* [Work order]:
Restate all entries word for word, minus pictures.

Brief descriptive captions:

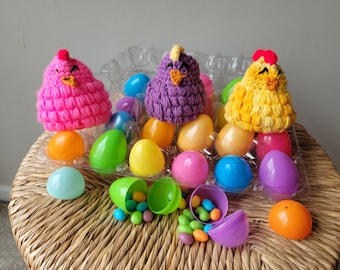 Pollo que pone huevos, cubiertas de huevos de Pascua, rellenos de cesta de Pascua para niños, decoración del hogar de pollo, decoración de la granja de primavera, regalos de Pascua para niños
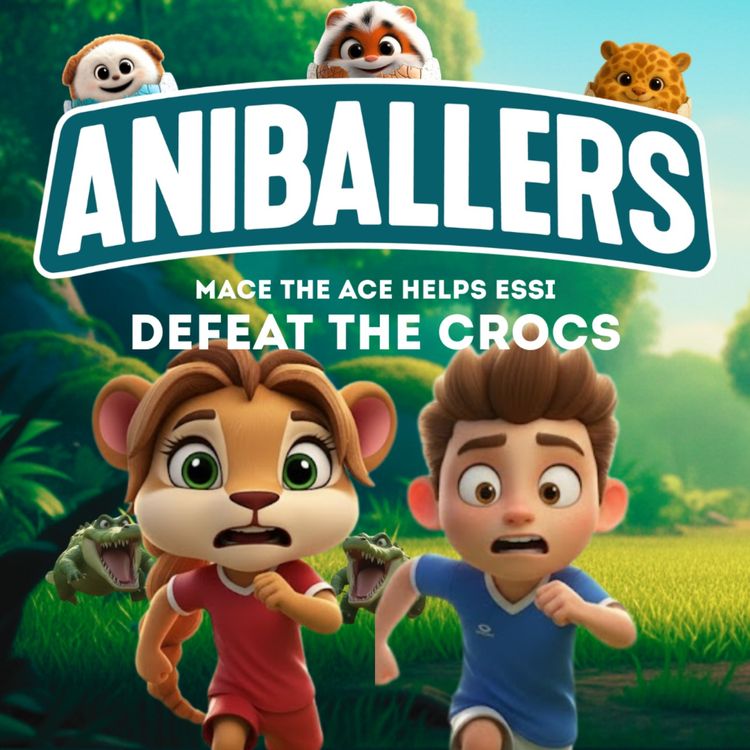 cover art for Mace The Ace helps Essi defeat the crocs  🦁⚽️🏆 Aniballers Football Stories for Kids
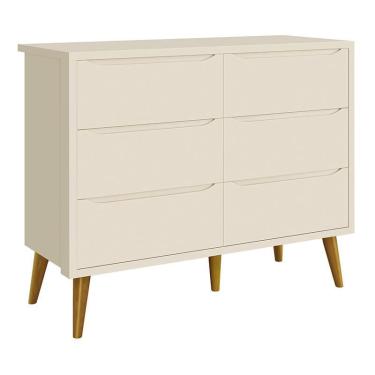 Imagem de Cômoda Infantil Theo 6 Gavetas com Pés Amadeirado - Reller Móveis Areia Fosco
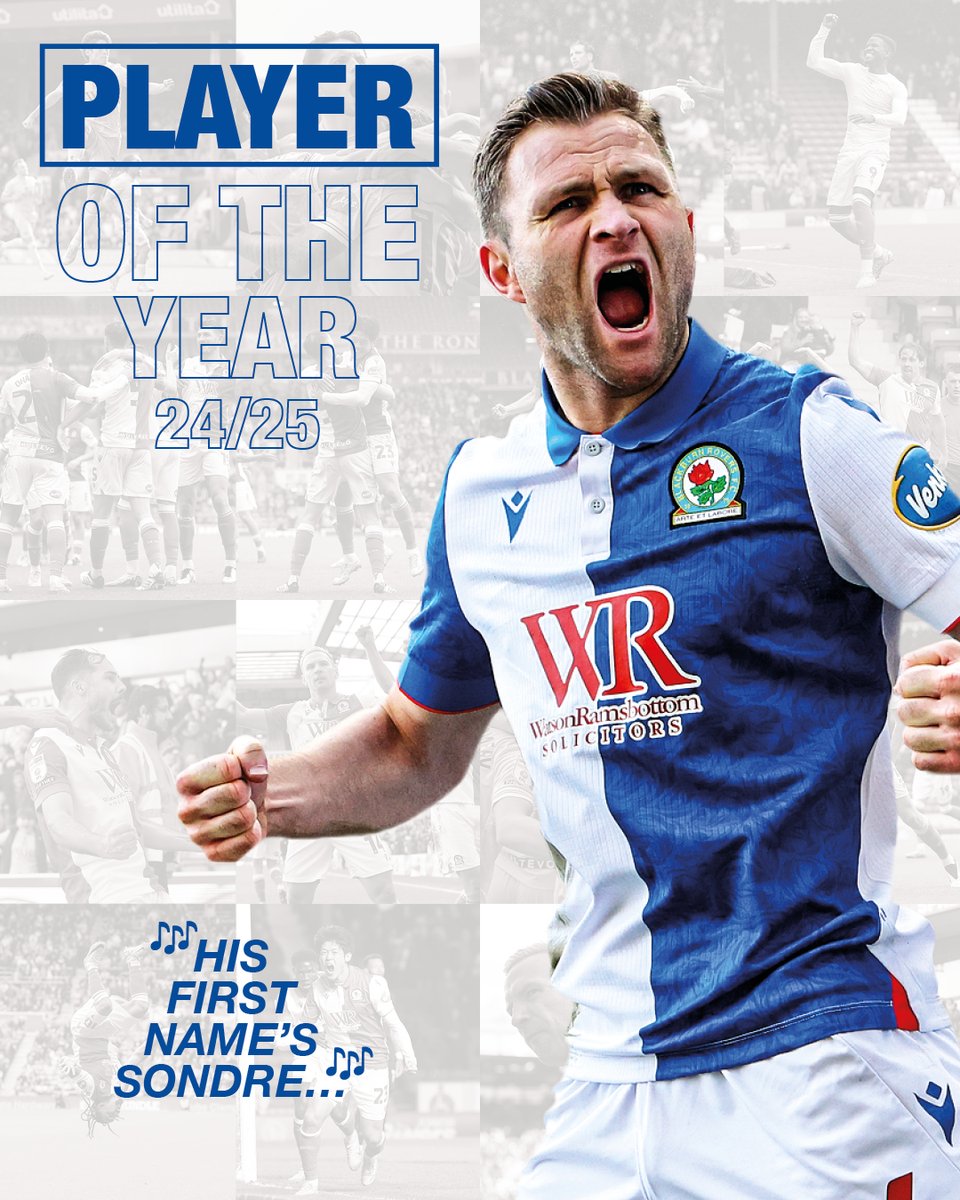 Blackburn Rovers (@rovers) on Twitter photo 🎶 Tronstad olé olé olé 🎶
🏆 As voted by you, our 24/25 Player of the Year is <a href="/TronstadSondre/">Sondre Tronstad</a>! 🌞
#ROVvWAT | #Rovers 🔵⚪️ 🎶 Tronstad olé olé olé 🎶
🏆 As voted by you, our 24/25 Player of the Year is <a href="/TronstadSondre/">Sondre Tronstad</a>! 🌞
#ROVvWAT | #Rovers 🔵⚪️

* [The answer]:
 Pollo que pone huevos, cubiertas de huevos de Pascua, rellenos de cesta de Pascua para niños, decoración del hogar de pollo, decoración de la granja de primavera, regalos de Pascua para niños
 cover art for Mace The Ace helps Essi defeat the crocs  🦁⚽️🏆 Aniballers Football Stories for Kids
 Imagem de Cômoda Infantil Theo 6 Gavetas com Pés Amadeirado - Reller Móveis Areia Fosco
 Blackburn Rovers (@rovers) on Twitter photo 🎶 Tronstad olé olé olé 🎶
🏆 As voted by you, our 24/25 Player of the Year is <a href="/TronstadSondre/">Sondre Tronstad</a>! 🌞
#ROVvWAT | #Rovers 🔵⚪️ 🎶 Tronstad olé olé olé 🎶
🏆 As voted by you, our 24/25 Player of the Year is <a href="/TronstadSondre/">Sondre Tronstad</a>! 🌞
#ROVvWAT | #Rovers 🔵⚪️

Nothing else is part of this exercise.